Oh My Zoi!
Spin Control Fools Fans
Cartoon Network Ratings Mixed
And How To Read A Press Release

An AOL/Time Warner media site posted on May 30, 2001 a press release (headlined, "Cartoon Network Charts New May Total Day Ratings" with the sub-headline, "Prime Time Delivery of Households and Tweens Also Set New May Records") heralding (among other things) that the Cartoon Network, "...set new May total day ratings and delivery network records, posting double-digit ratings and delivery growth across households and all key kids demographics."

A netizen, "Sam," received the press release before it appeared on AOL/Time Warner's site and posted it on saiyanz-rage.net where he is a contributor. Sam tells us that the story was posted on the saiyanz-rage.net site on May 29, 2001 but that they delete news after it is 4 days old.

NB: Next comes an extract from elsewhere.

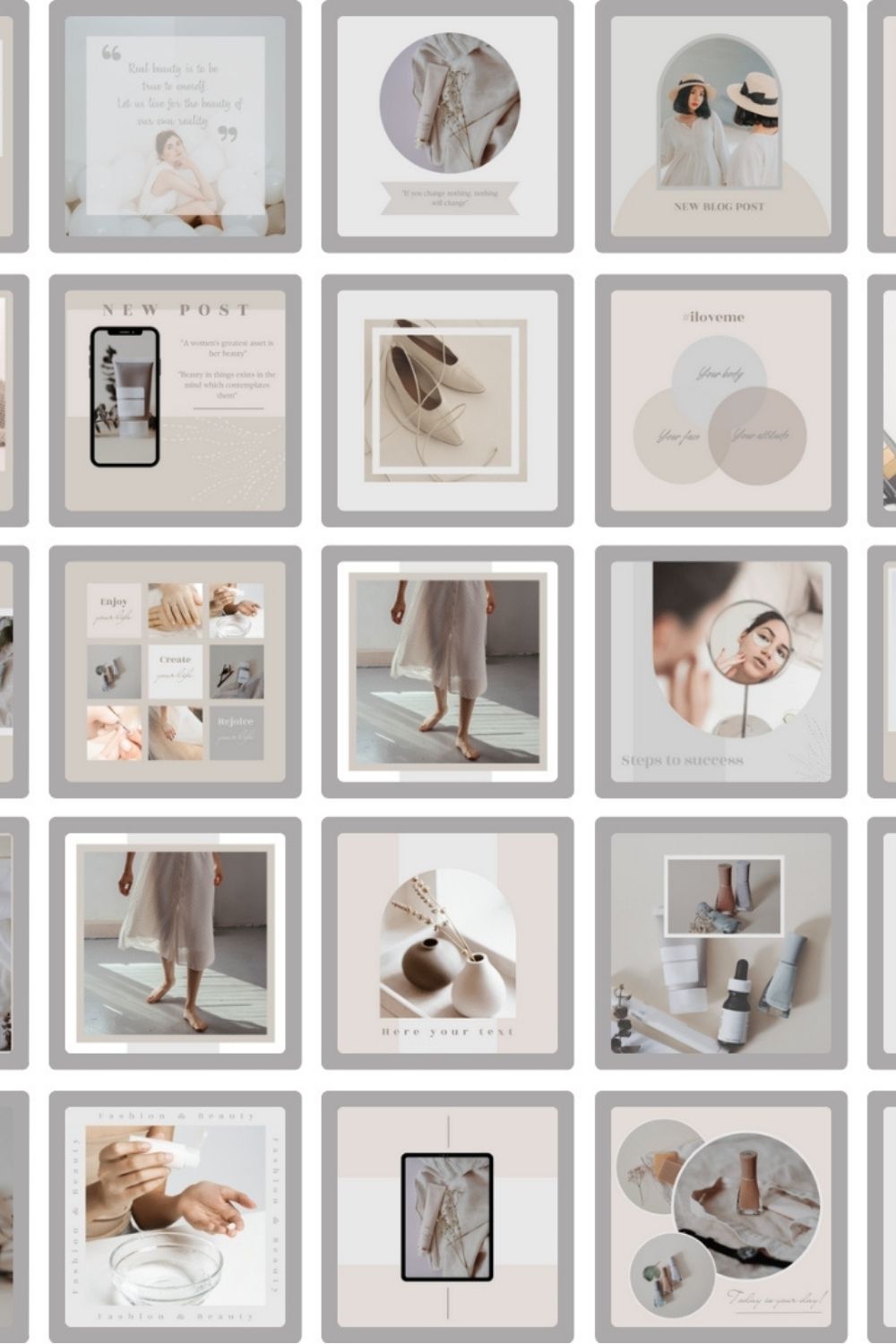 30 Nude Instagram post templates, Business Instagram templates, Editable in Canva promotional post,Girl branding templates, Social Media Booster, Small Business IG templates, Light feed brand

The story was also posted on Planetnamek.com June 3 as "Z-Day Boasts Huge Ratings", on Anime News Service on June 5 as "Cartoon Network News" and on pojo.com June 8 as "Toonami and Cartoon Network Ratings Up!" We then noticed how different discussion groups on the web started talking about the increased ratings.

While most of the press release seems factual (at least the parts we've researched) it is very misleading. The Cartoon Network's ratings are actually mixed, with some gains and some notable losses.

Tooting their own HORN?

Press Release
TBS Entertainment
May 30, 2001

Cartoon Network Charts New May Total Day Ratings

Prime Time Delivery of Households and Tweens Also Set New May Records

Cartoon Network set new May total day ratings and delivery network records, posting double-digit ratings and delivery growth across households and all key kids demographics. Total day ratings grew 10 percent in households (1.1) as well as 10 percent for tweens 9-14 (1.1) and kids 2-11 (2.2), and 19 percent in kids 6-11 (1.9). Total day delivery increased even more dramatically, up 18 percent in households (767,000), 26 percent in tweens 9-14 (191,000), 31 percent in kids 6-11 (315,000) and 28 percent in kids 2-11 (616,000).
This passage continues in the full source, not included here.